Content starts

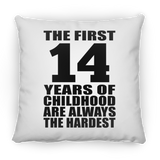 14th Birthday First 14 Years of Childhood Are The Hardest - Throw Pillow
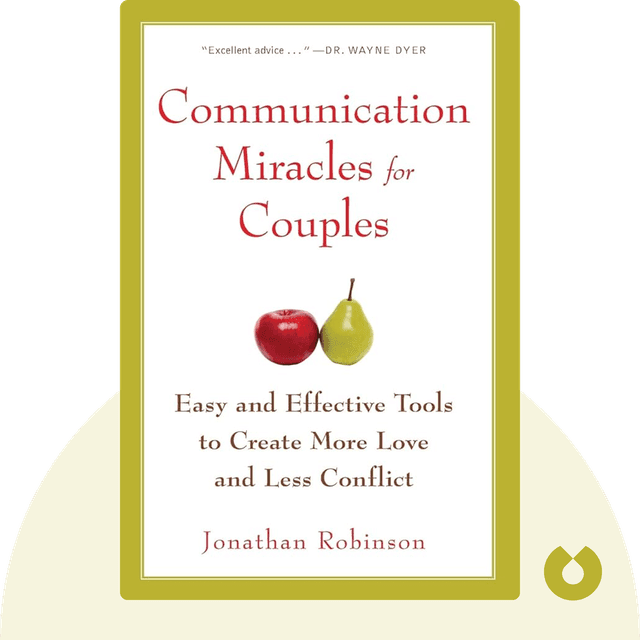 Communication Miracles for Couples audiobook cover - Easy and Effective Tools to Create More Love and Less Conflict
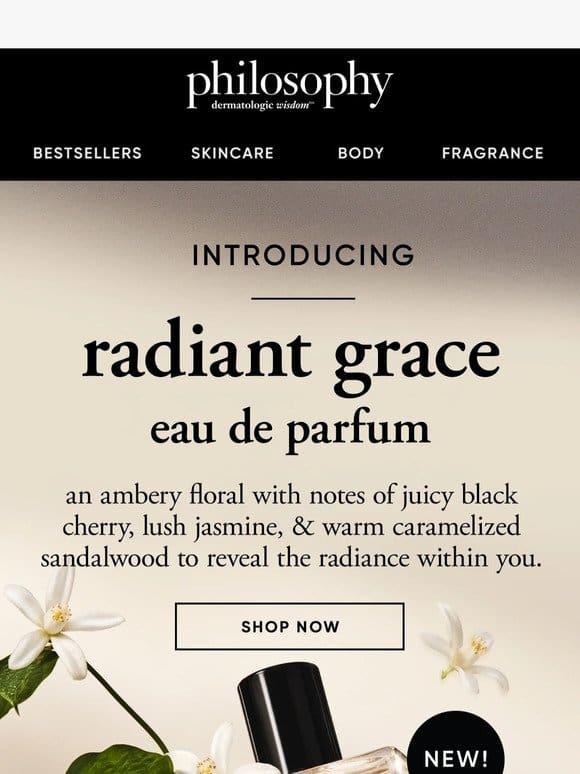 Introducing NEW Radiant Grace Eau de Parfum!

Content ends
Content starts

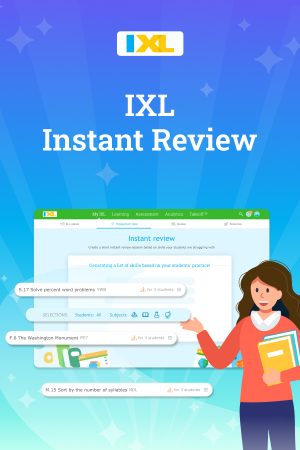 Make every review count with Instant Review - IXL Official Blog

Content ends

§ **What you have to do**
Please repeat the lines of the material above exactly, starting with the line that contains "14th Birthday First" and ending with the line that contains "Introducing NEW Radiant Grace Eau de Parfum!". Leave the pictures out.

§ **Result**
 14th Birthday First 14 Years of Childhood Are The Hardest - Throw Pillow
 Communication Miracles for Couples audiobook cover - Easy and Effective Tools to Create More Love and Less Conflict
 Introducing NEW Radiant Grace Eau de Parfum!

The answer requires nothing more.